Not only did the warnings start nearly 40 years ago , they have mostly been pretty accurate. The science is beyond doubt , it has been proven the world's top climate scientists actually know what they are talking about. (i'm kinda regretting writing this , i hope it doesn't spark a load of denialist replies).

One thing you may know as a former pilot, are international air (and shipping)emissions counted against individual countries emissions? I'm thinking not , due to allocation problems, something for the next summits to sort out.  

Up
0

Solardb 

understood, so are you advocating reducing food production ( by lower farm emissions ) and continuing with air travel and car use ? 

Up
0

Not sure how you get that from my post.if it were up to me the private car and air travel would have been the first targets, and hit hard.

Up
0

Approx 1/3 of warming since 1990 has come from ag, though approx 48% of emissions come from ag. Of the ag warming 20% comes from methane and 80% CO2 and nitrous oxide.  The difference between ag caused warming and ag emissions is not clearly explained by media.

Up
0

Guy Trafford makes incorrect assumptions about Groundswells view on the $340 million research and what needs to happen. Throwing more money at research and creating yet another research bureaucracy is kicking the can especially when there has already been $200 million spent and little to show for it. There is already plenty of research being done but finding viable practical mitigation options at scale is another matter.                                                                                                                                                                                 Groundswells view is the priority needs to focus on actions on farm that build on all the environmental work (including reducing emissions) that farmers have been doing for the past 50 years. For example 2.5 million hectares of native vegetation retained by sheep and beef farmers, extensive erosion control plantings through Catchment Boards and their successor regional councils. There are many catchment and landcare groups and other initiatives addressing emissions and Groundswell propose this is built on to achieve coverage nationwide that has advice and action plans tailored to every farm. No reason why lifestyle blocks and urban shouldn't join in too.
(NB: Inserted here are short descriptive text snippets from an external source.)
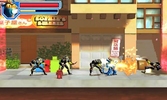 Les Nouveaux Héros : Combat dans la Baie - 3DS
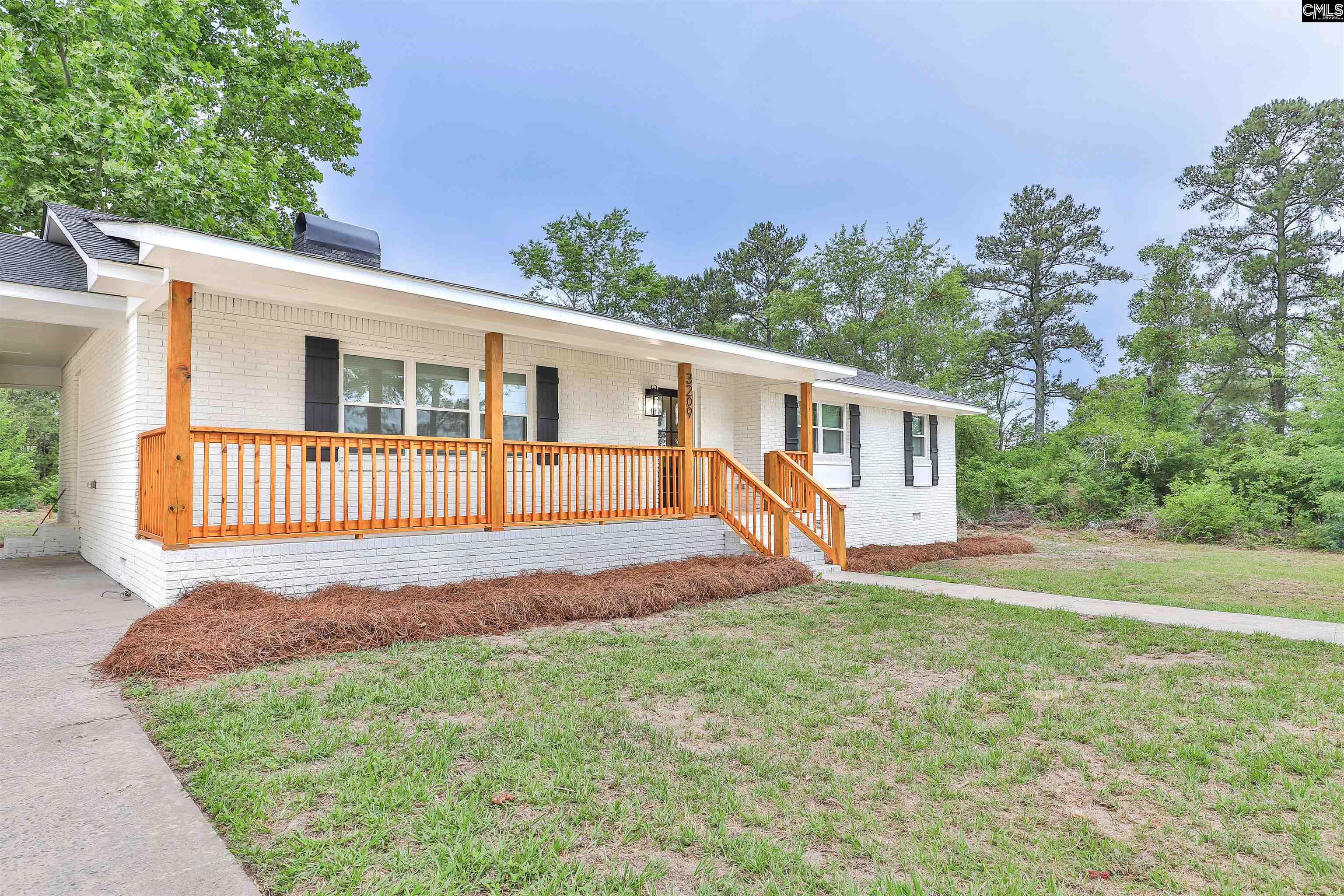 3209 Old Charleston Road Gilbert, SC 29054 - Photo 46 of 50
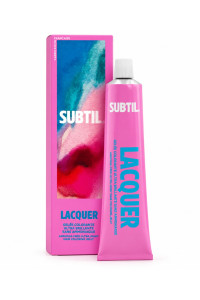 Гелевая крем-краска Ducastel Subtil Lacquer, 60 мл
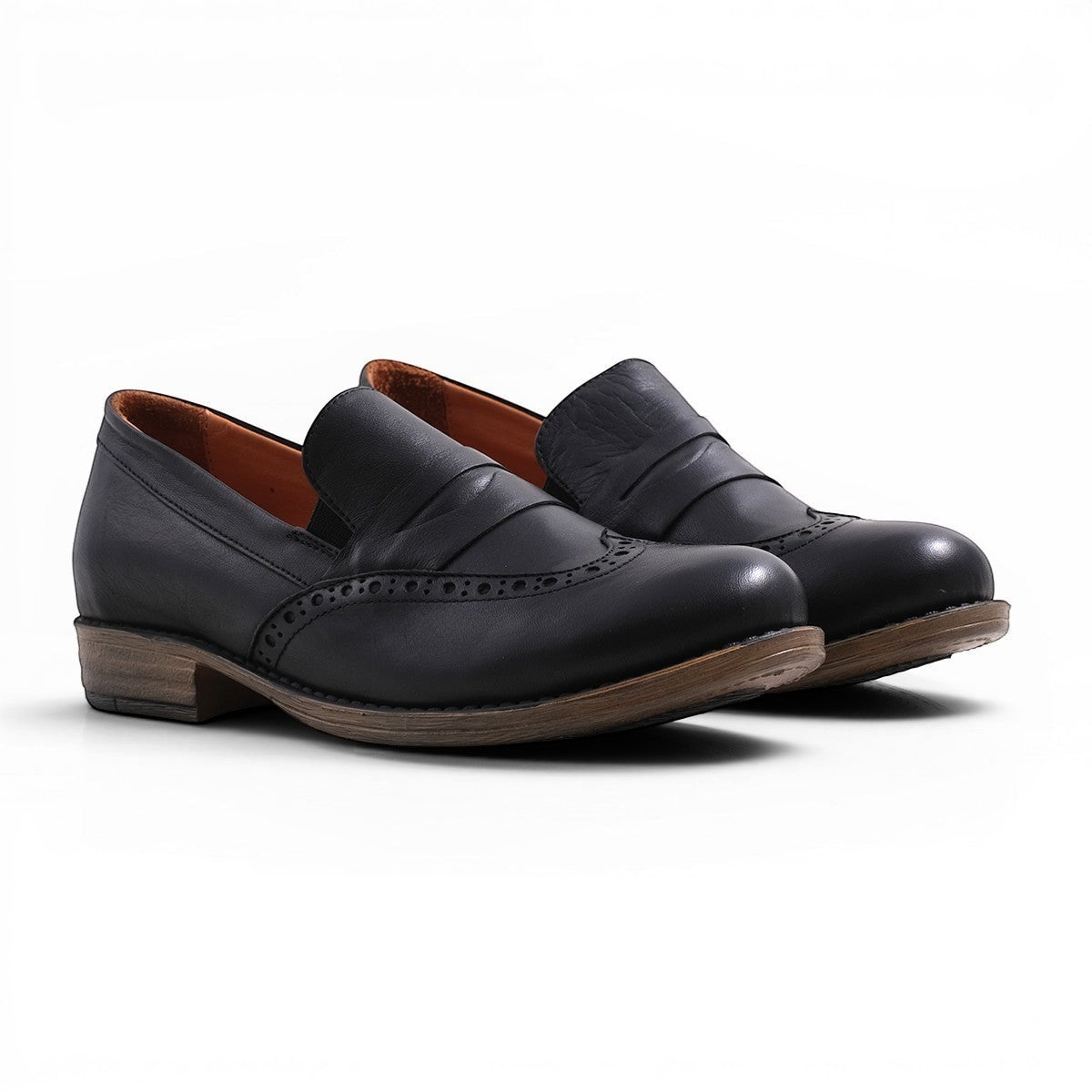 Pesso Mochi Black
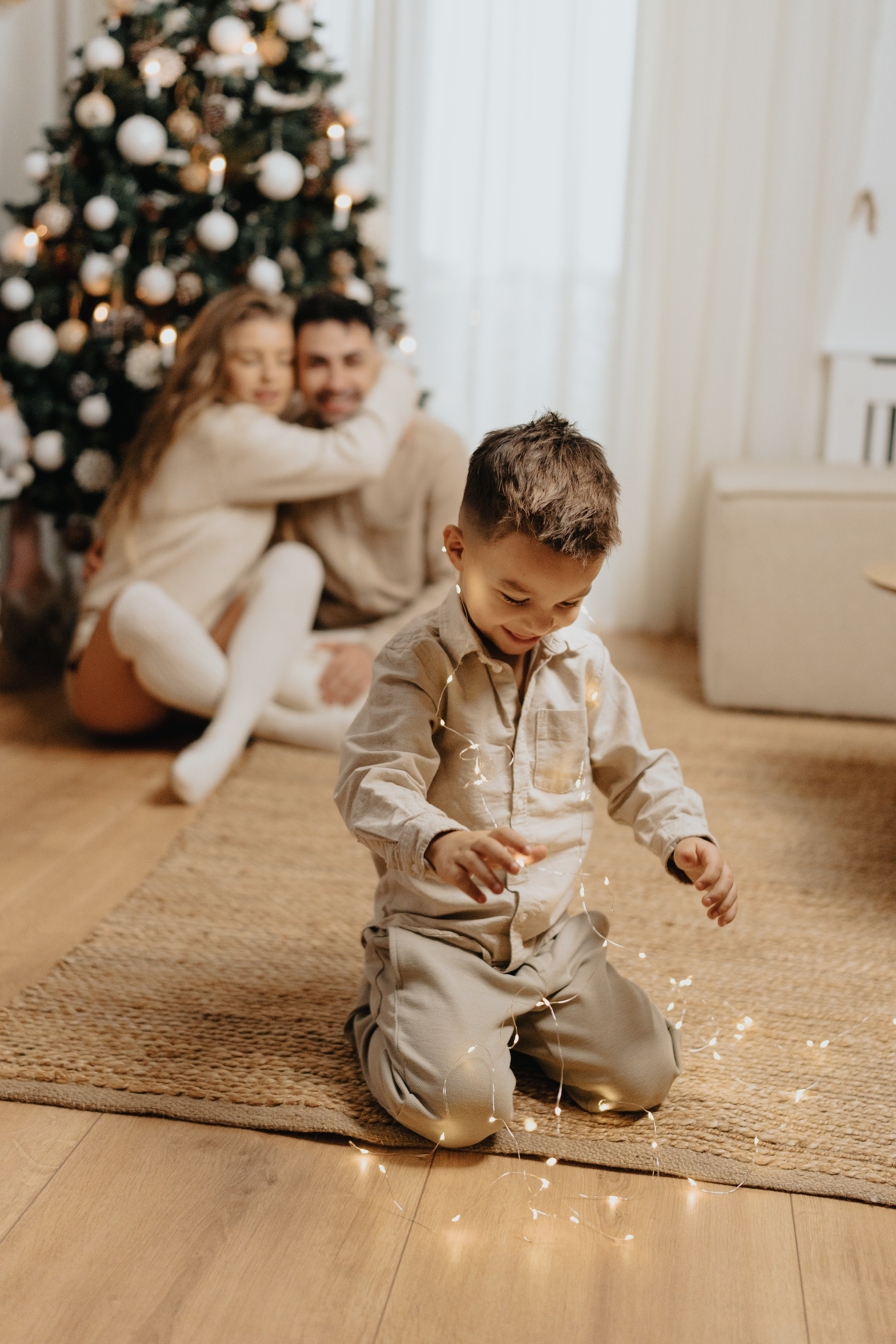 Familie. Mihai Padurariu - fotograf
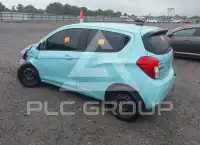 2021 Chevrolet Spark photo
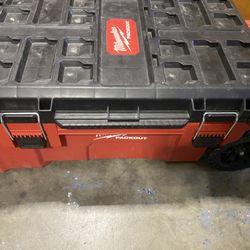 Milwaukee Box 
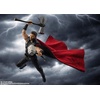 image:imageTAMASHII NATIONS  Marvel  Doctor Doom Avengers Doomsday SHFiguarts Action FigureThor Avengers Doomsday
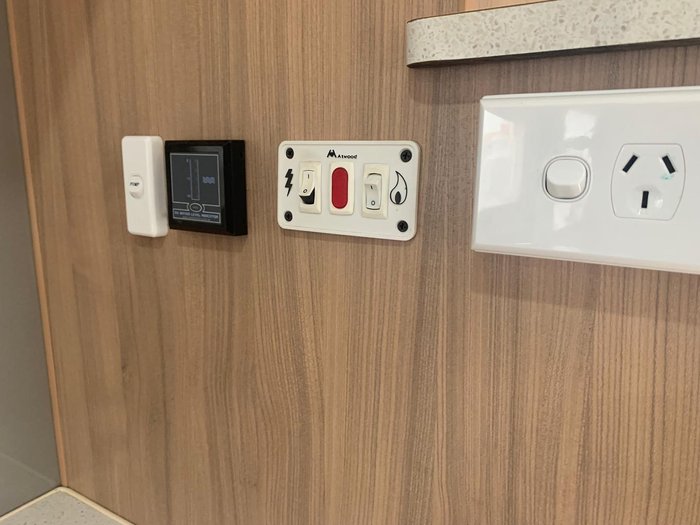 2016 Newlands Euro Ltd Mkii 628Z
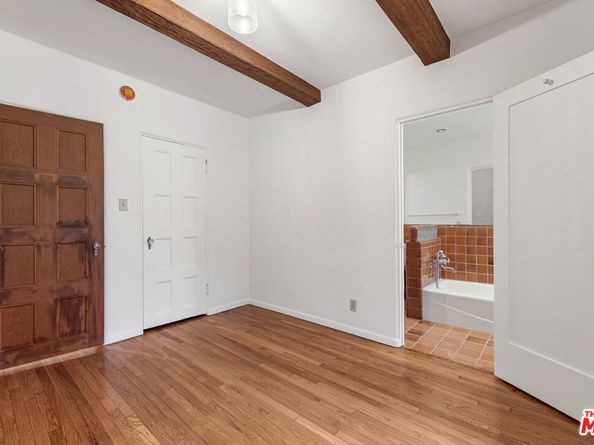 931 S Ogden Drive, Los Angeles CA 90036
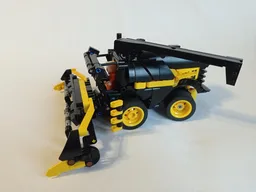 42151 Combine Harvester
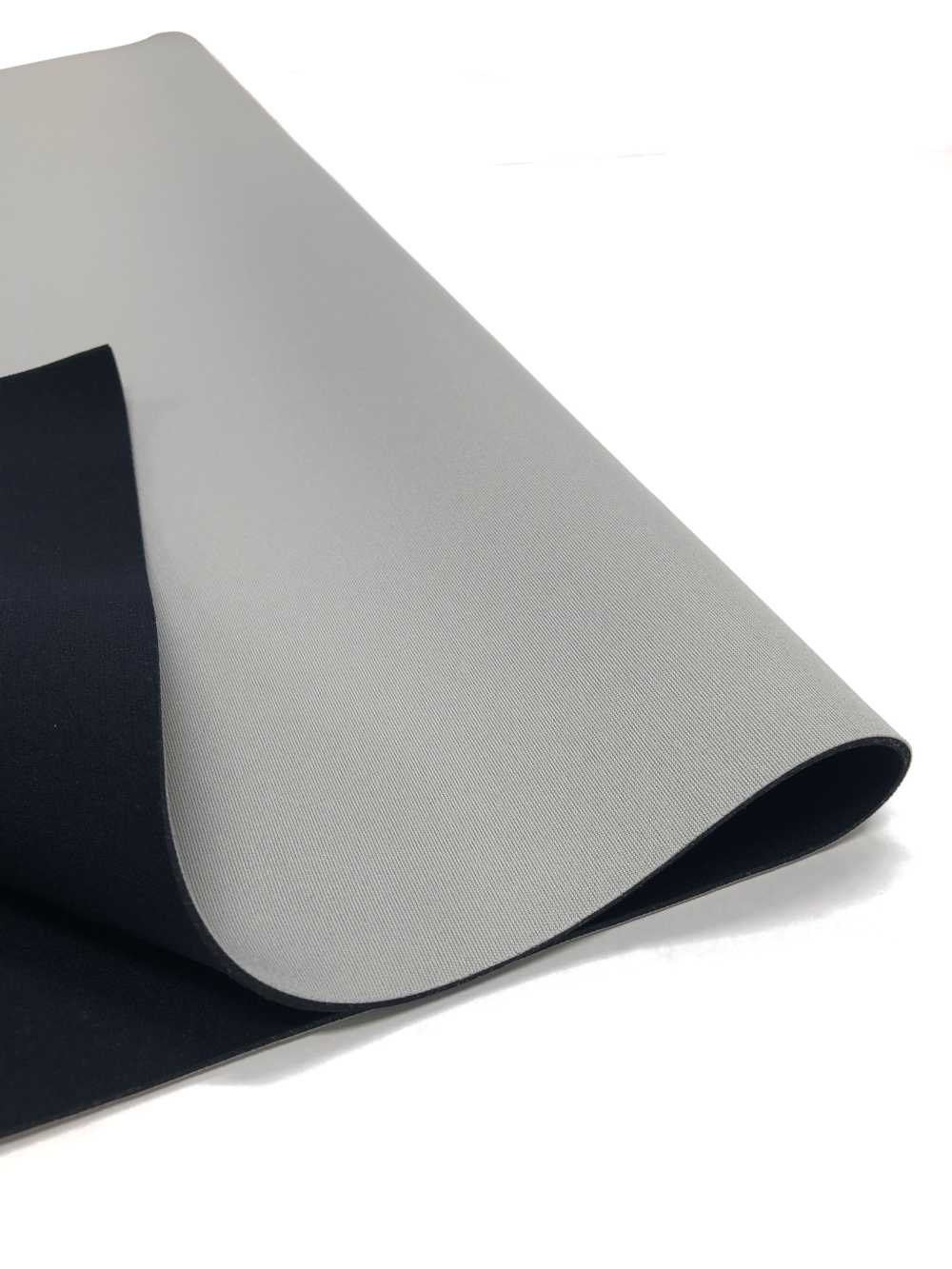 31044 HM AL فضي/PS أسود 95 × 170cm[نسيج / قماش] Totas Corporation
However, this advice and action needs to be done in an integrated manner to address other environmental issues, particularly freshwater and indigenous biodiversity. The current Governments policies in silos is failing our country and our environment, leading to large scale planting of pines and many other perverse outcomes. Similarly, a blunt tax on farmers through the ETS or the unworkable HWEN options is equally flawed as it will takes $millions off  farmers environmental spend budgets, penalize the worlds most emissions efficient food producers, lead to more land going to pines and increase global emissions.